No se es religioso únicamente cuando se adora a una divinidad, sino cuando se aplican todos los recursos del espíritu, todas las sumisiones de la voluntad, todos los ardores del fanatismo al servicio de una causa o de un ser que se ha convertido en la meta y guía de los sentimientos y las acciones.
Generalmente, la intolerancia y el fanatismo constituyen el acompañamiento de un sentimiento religioso. Resultan inevitables en aquellos que creen poseer el secreto de la felicidad terrenal o de la eterna. Estos dos rasgos aparecen en todos los hombres agrupados, cuando les arrastra una convicción cualquiera. Los jacobinos del Terror eran tan acendradamente religiosos como los católicos de la Inquisición, y su cruel ardor derivaba de la misma fuente.

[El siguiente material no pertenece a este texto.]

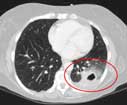 Chest CT image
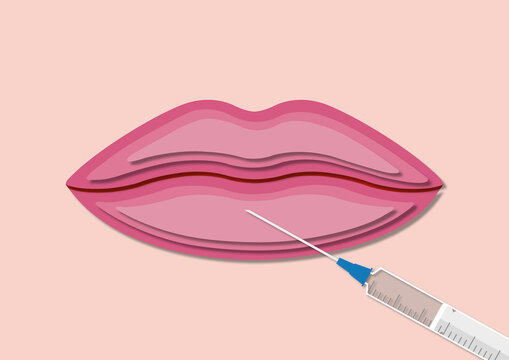 Botox injection, conceptual illustration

Las convicciones de la masa revisten estas características de sumisión ciega, de feroz intolerancia, de necesidad de propaganda violenta inherente al sentimiento religioso; puede afirmarse, por tanto, que todas sus creencias adoptan una forma religiosa. El héroe al cual aclama la masa es auténticamente un dios para ellas. Napoleón lo fue durante quince años y jamás una divinidad contó con más perfectos adoradores. Ninguna envió más fácilmente a los hombres a la muerte. Los dioses del paganismo y del cristianismo no ejercieron nunca imperio más absoluto sobre las almas.
Quienes fundaron creencias religiosas o políticas lo hicieron sabiendo imponer a las masas aquellos sentimientos de fanatismo religioso que hacen que el hombre encuentre su felicidad en la adoración y le impulsan a sacrificar su vida por su ídolo. Así sucedió en todas las épocas.